Anything we might experience in the Afterlife will exist outside of space and time as we understand them. This essentially nonphysical reality will therefore be organized in ways that our usual waking consciousness or rational mind may have trouble understanding. To make sense of it, near-death and out-of-body experiencers must represent this reality in quasi-physical terms.
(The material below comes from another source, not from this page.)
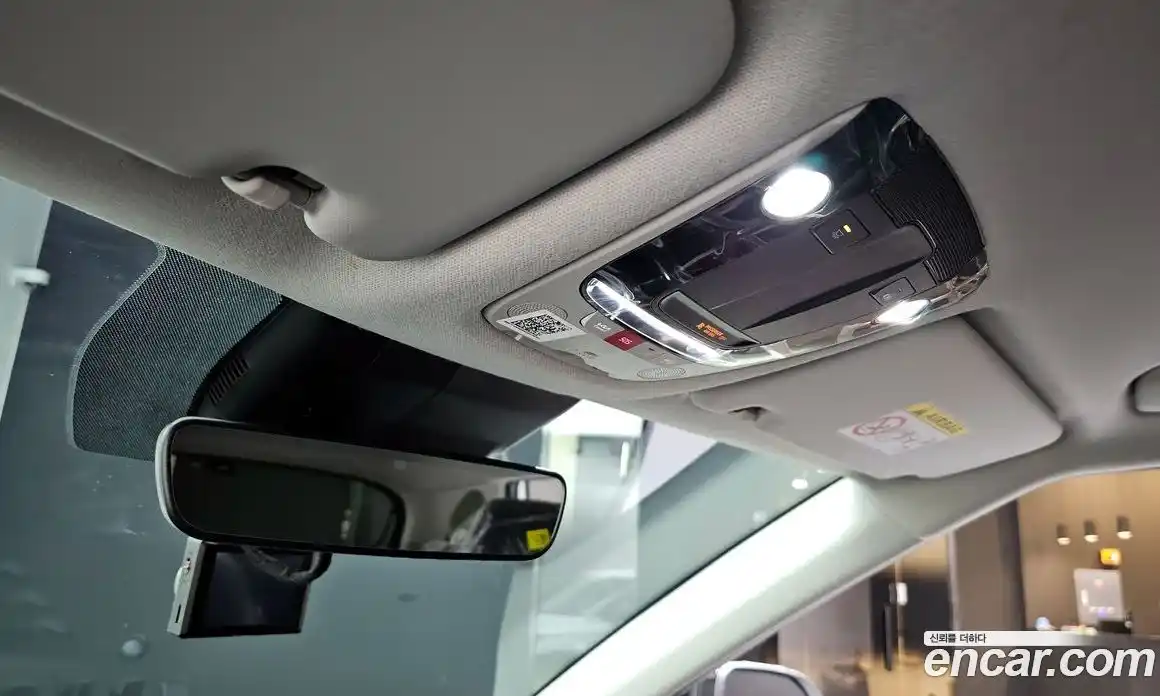 Kia Seltos 2025 1.6 Автомат в Москве № 460113, фото 19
Translation of their nonphysical perceptions into physical images will necessarily-and often unconsciously-distort the information they bring back about the Afterlife.
Citing accounts from The Egyptian Book of the Dead, The Tibetan Book of the Dead, Gnostic, Christian, and other ancient wisdom traditions-as well as the writings of the seventeenth-century Swedish mystic Emmanuel Swedenborg, contemporary near-death experiences, and his own out-of-body experiences-Leland outlines what we might expect to encounter during our passage from the physical reality in which our lives unfold to the nonphysical reality of the Afterlife.
By triangulating between images of the Afterlife gleaned from near-death experiences, out-of-body experiences, and the ancient wisdom traditions, we may be able to prepare ourselves for what we'll encounter after death-when it's finally time for us to answer that great Unanswered Question for ourselves.